> Pictures with short captions
*** Block opens ***

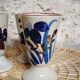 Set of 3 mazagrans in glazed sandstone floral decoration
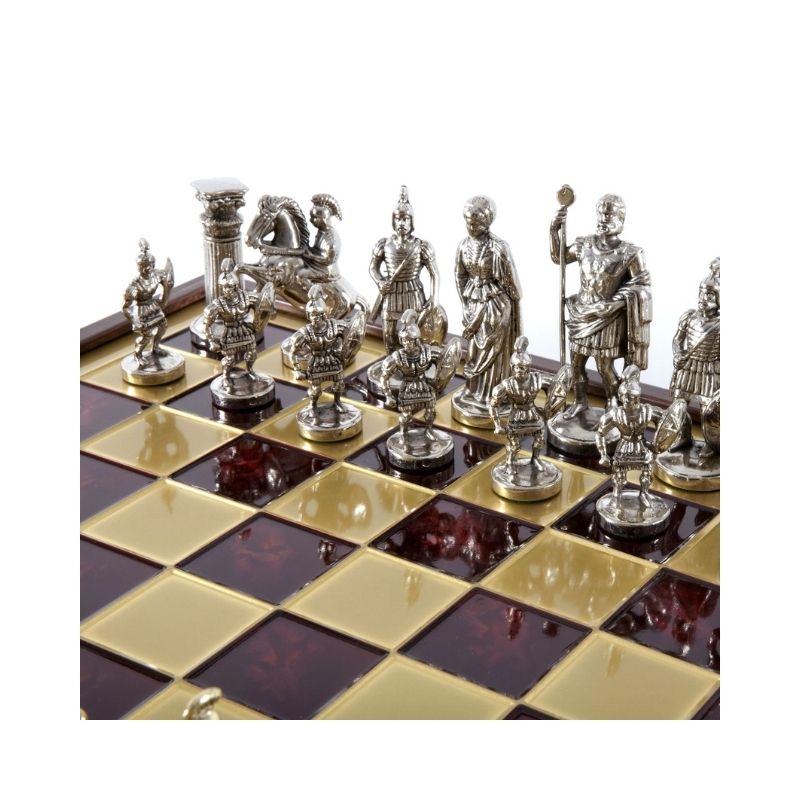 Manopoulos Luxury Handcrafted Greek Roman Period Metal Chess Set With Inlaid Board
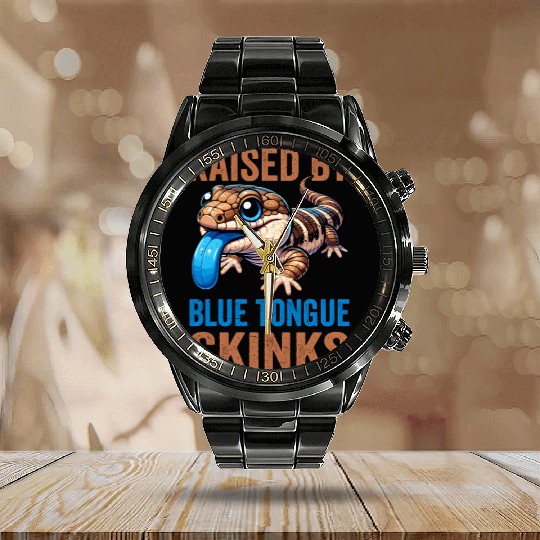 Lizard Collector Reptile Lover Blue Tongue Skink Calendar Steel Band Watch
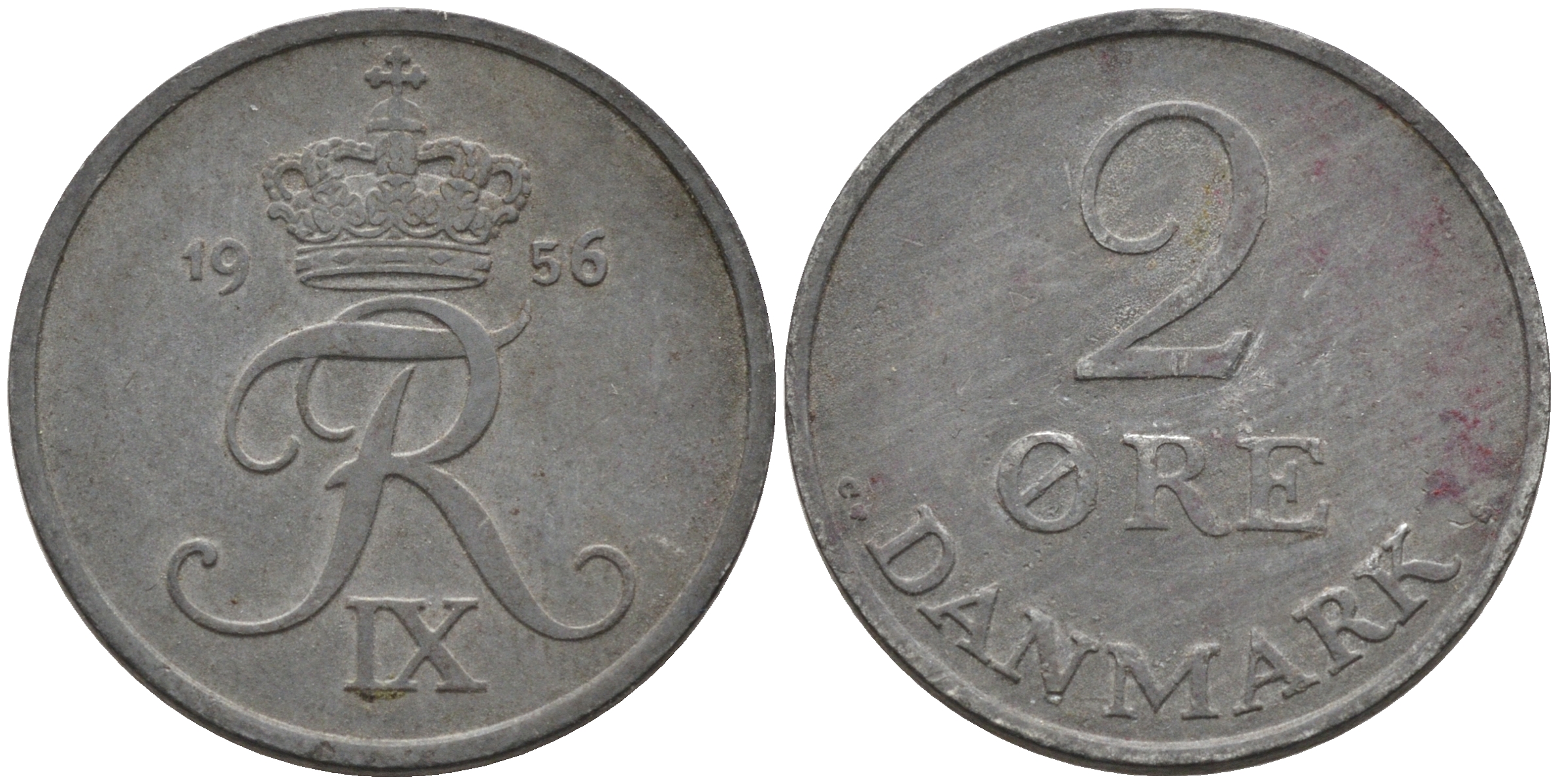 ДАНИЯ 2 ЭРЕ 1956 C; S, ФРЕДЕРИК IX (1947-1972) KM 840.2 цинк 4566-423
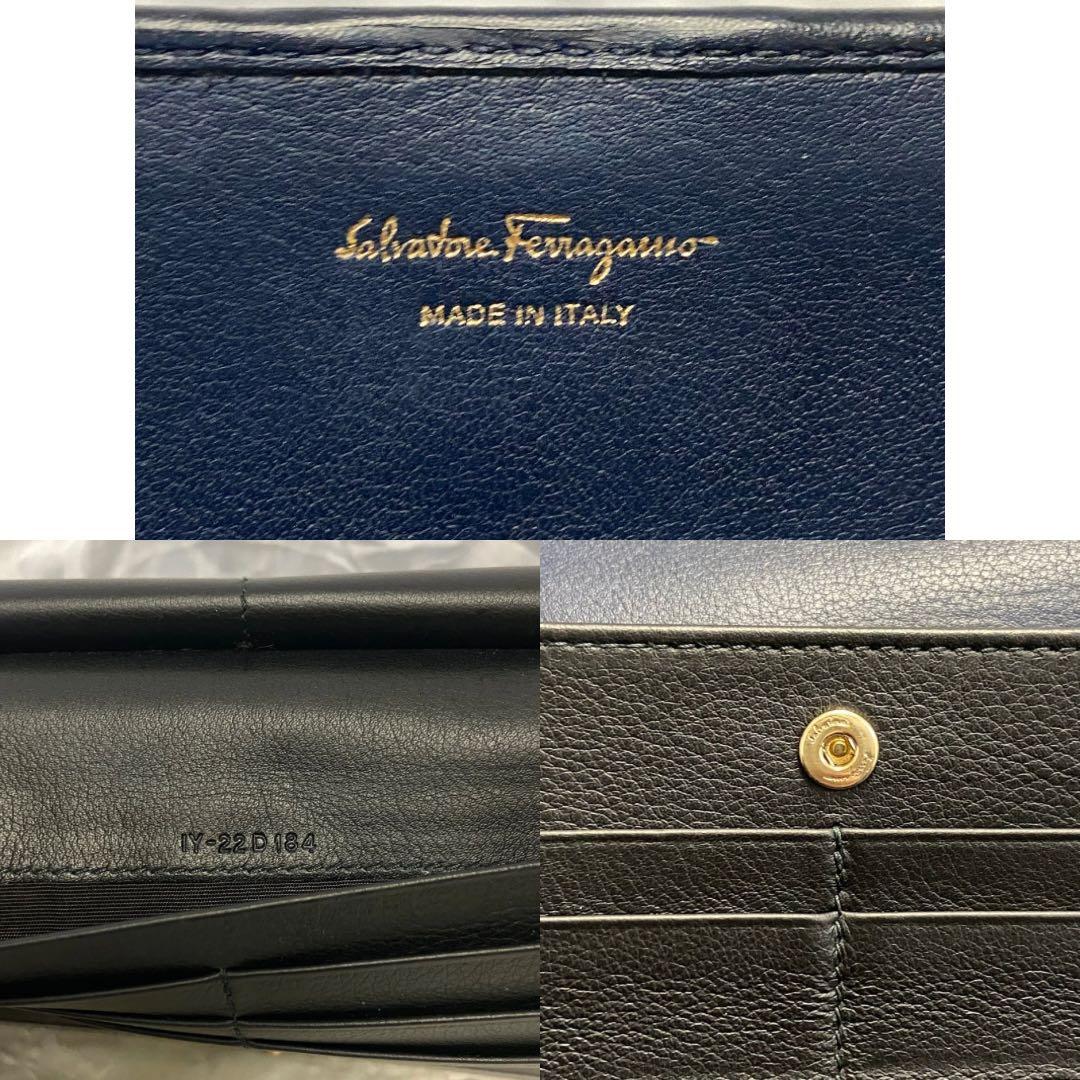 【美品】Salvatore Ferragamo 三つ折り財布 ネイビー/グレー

*** Block closes ***

> Task
The lines wanted are those from the one with "ДАНИЯ 2 ЭРЕ" to the end of the entries above, repeated exactly, both ends included. Leave out the pictures.

> Task answer
 ДАНИЯ 2 ЭРЕ 1956 C; S, ФРЕДЕРИК IX (1947-1972) KM 840.2 цинк 4566-423
 【美品】Salvatore Ferragamo 三つ折り財布 ネイビー/グレー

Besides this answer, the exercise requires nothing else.